It is certainly true that the Kremlin’s cooperation could often be helpful, but the question remains: Can the West justify sacrificing the freedom of Ukraine for the remote prospect of Russian cooperation in other places? Even worse, when what is sold as “Russian cooperation” is in fact an acceptance of the Russian position that Assad does not have to leave, no matter how many people he barrel-bombed? It is stunning how Russia has succeeded in selling the West on the idea of accepting the root cause of the civil war in Syria — the totalitarian Assad regime — as the war’s solution. That, in essence, explains why the Kremlin has ordered the Russian military to bomb all opposition to Assad. For Assad to be the smaller evil, he has to be the only alternative. Even in light of these facts, there is a growing chorus among German politicians willing to cut a deal with Assad.
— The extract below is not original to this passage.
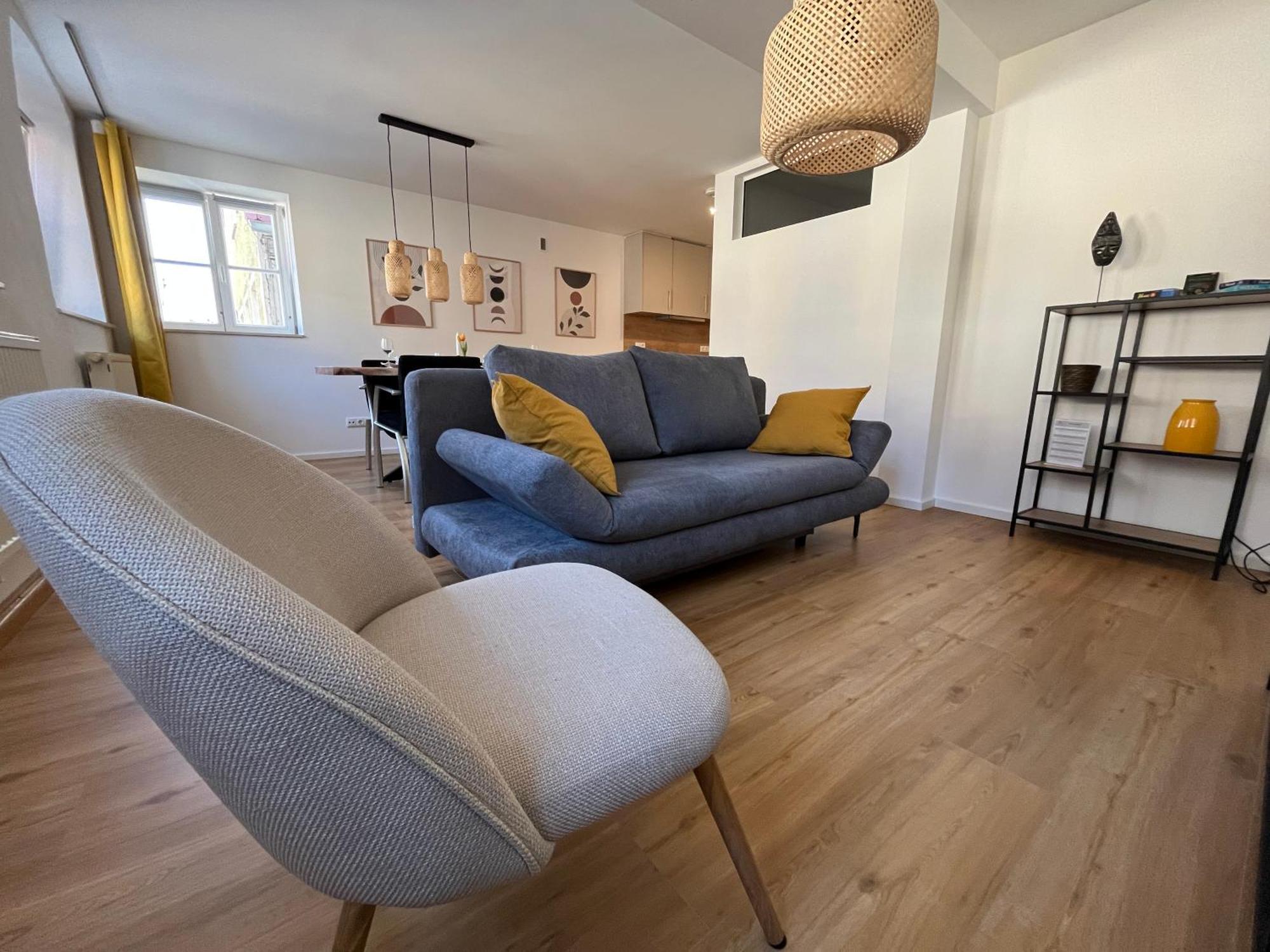 Traumhafte Business & Relax Wohnung Direkt Im Stadtkern Oettingens By Elation Homes Oettingen in Bayern Kültér fotó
Of Dialogue and Deterrence — Germany needs to learn how to play hardball
The German desire to pursue cooperation with Russia is deeply wired into Berlin’s foreign policy traditions. Ever since the introduction of the new Eastern policy or Neue Ostpolitik in the late 1960s, Germany has hoped to effect change in Eastern Europe by embracing Moscow. While that policy helped during détente, its contribution to the end of the Soviet Union is greatly exaggerated in Germany’s foreign policy circles. There’s a great irony in this argument: Though even the proponents of outreach to Moscow acknowledge that the new Eastern policy was essentially a contribution to regime change in Moscow, the self-proclaimed descendants of that policy always maintain that they do not want the regime to change, arguing that whatever might come next in Moscow could well be worse. In the same vein, Social Democrats want to dangle another carrot, hoping to sell Russia on the idea of a free-trade zone ranging from the Atlantic to the Pacific — even as the same party still frets about a free trade deal with the United States.
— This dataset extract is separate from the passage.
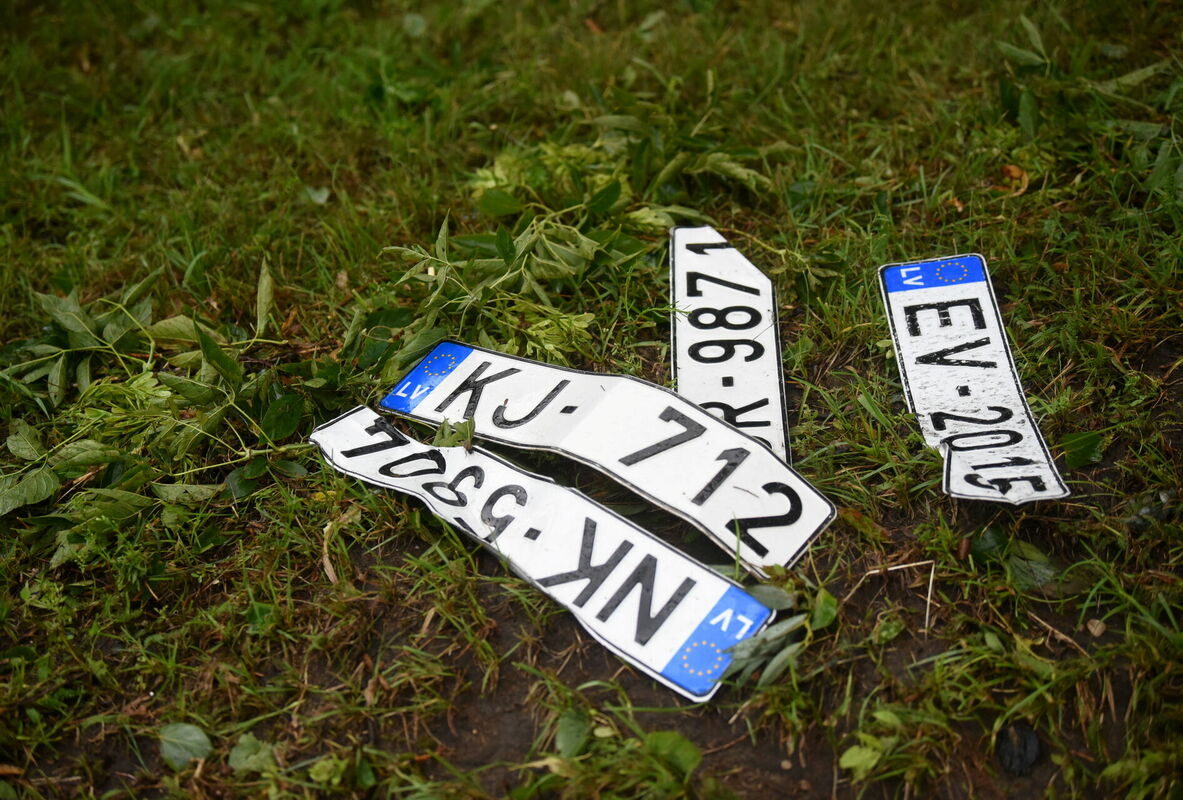 Vētras laikā nozaudētās auto numura zīmes. Foto: Zane Bitere/LETA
All this prompts the question: Why does German self-delusion in foreign policymaking matter? Germany is not the first or only country to maintain self-delusions in its foreign policymaking, but its geopolitical position renders its self-delusions particularly important matters for two reasons. First, Germany is chairing the OSCE at a critical juncture. Though no one can say for certain what Russia’s endgame in Ukraine is, the Kremlin is definitely hoping to undercut not only Ukrainian sovereignty, but the European security architecture as a whole. It does not accept the sovereignty of any former Soviet state, it disregards the principles laid down in the OSCE and the 1997 NATO–Russia Founding Act, it has withdrawn from the CFE (Conventional Armed Forces in Europe) Treaty and violated numerous others, and it seeks to institutionalize its veto power over Ukraine’s future by freezing the conflict in eastern Ukraine.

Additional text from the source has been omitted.